BEGIN DATA SUPPLIED

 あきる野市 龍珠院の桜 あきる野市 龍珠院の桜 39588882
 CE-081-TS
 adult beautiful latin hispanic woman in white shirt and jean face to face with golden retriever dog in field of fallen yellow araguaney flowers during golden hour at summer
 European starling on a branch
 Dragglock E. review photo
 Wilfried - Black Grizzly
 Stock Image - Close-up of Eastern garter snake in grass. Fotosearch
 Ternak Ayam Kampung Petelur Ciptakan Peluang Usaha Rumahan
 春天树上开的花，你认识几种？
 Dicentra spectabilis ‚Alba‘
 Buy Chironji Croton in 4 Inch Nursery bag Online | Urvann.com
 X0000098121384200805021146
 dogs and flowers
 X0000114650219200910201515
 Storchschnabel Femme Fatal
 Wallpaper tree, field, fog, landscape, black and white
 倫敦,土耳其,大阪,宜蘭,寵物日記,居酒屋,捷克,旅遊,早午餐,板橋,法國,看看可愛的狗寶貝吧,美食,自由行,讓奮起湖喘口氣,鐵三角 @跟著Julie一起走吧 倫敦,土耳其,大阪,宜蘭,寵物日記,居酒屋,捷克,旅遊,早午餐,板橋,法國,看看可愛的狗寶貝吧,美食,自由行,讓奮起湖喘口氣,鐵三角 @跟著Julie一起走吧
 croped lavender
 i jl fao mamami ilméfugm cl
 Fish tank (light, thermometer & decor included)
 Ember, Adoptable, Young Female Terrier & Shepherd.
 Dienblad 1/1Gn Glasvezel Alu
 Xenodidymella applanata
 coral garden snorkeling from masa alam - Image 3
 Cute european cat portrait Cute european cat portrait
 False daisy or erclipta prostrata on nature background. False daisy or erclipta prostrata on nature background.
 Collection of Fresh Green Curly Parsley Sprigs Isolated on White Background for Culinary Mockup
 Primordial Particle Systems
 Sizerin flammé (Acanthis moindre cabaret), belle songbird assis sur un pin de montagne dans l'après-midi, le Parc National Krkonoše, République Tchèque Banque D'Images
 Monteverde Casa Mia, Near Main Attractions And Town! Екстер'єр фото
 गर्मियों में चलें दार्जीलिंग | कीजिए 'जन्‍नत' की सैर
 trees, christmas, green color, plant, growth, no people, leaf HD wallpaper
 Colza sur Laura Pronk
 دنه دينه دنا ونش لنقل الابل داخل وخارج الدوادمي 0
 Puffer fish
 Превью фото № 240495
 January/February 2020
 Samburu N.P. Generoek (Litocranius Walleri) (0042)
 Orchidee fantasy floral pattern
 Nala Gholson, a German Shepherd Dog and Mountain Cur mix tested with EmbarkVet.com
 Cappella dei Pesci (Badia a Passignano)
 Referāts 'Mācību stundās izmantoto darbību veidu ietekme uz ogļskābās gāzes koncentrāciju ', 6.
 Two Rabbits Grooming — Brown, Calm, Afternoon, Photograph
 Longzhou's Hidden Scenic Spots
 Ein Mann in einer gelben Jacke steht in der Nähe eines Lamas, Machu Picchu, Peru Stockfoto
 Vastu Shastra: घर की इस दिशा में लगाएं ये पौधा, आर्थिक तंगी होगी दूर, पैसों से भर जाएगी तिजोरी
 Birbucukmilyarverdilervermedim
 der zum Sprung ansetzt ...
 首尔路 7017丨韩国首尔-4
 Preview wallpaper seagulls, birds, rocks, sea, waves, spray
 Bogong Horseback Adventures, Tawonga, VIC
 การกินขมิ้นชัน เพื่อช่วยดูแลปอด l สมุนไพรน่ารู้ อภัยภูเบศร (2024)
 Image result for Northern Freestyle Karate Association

END DATA SUPPLIED

GOAL OF THE EXERCISE
Each line, beginning at the one that contains "January/February 2020" and continuing through the end of the records, must be written out exactly, first and last included.

TASK ANSWER
 January/February 2020
 Samburu N.P. Generoek (Litocranius Walleri) (0042)
 Orchidee fantasy floral pattern
 Nala Gholson, a German Shepherd Dog and Mountain Cur mix tested with EmbarkVet.com
 Cappella dei Pesci (Badia a Passignano)
 Referāts 'Mācību stundās izmantoto darbību veidu ietekme uz ogļskābās gāzes koncentrāciju ', 6.
 Two Rabbits Grooming — Brown, Calm, Afternoon, Photograph
 Longzhou's Hidden Scenic Spots
 Ein Mann in einer gelben Jacke steht in der Nähe eines Lamas, Machu Picchu, Peru Stockfoto
 Vastu Shastra: घर की इस दिशा में लगाएं ये पौधा, आर्थिक तंगी होगी दूर, पैसों से भर जाएगी तिजोरी
 Birbucukmilyarverdilervermedim
 der zum Sprung ansetzt ...
 首尔路 7017丨韩国首尔-4
 Preview wallpaper seagulls, birds, rocks, sea, waves, spray
 Bogong Horseback Adventures, Tawonga, VIC
 การกินขมิ้นชัน เพื่อช่วยดูแลปอด l สมุนไพรน่ารู้ อภัยภูเบศร (2024)
 Image result for Northern Freestyle Karate Association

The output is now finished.